- Origin: Detroit, Michigan, United States
- Genres: Brass band Marching band
- Years active: 2009–present
- Website: https://www.instagram.com/detroitpartymarchingband

= Detroit Party Marching Band =

The Detroit Party Marching Band is a guerrilla band based in Detroit, Michigan. The band appears at events unexpectedly.They have played at events such as Mardi Gras (2012, 2015, 2017, 2024, 2025), Theatre Bizarre, Noel Night, Hamtramck Blowout, Marche du Nain Rouge, 2010 Detroit Free Press Marathon, and HONK! in Somerville, Massachusetts, as well as at many bars and parties throughout the Detroit area, both scheduled and unexpectedly. They have supported acts such as Band of Horses, Rebirth Brass Band, and Undertow Brass Band.

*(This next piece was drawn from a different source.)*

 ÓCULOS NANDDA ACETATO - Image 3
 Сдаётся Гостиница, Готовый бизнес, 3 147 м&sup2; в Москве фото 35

They have also toured the Netherlands in Europe as part of the Cross-Linx Music Festival in 2014.

The band was founded by Rachel Harkai and John and Molly Notarianni. They were inspired to start the band after a trip to HONK! in late 2009 as well as seeing the second line bands in New Orleans during Mardi Gras. Its repertoire is a mix of Balkan and Balkan-inspired songs as well as modern pop and R&B rearranged for brass, usually by the members themselves.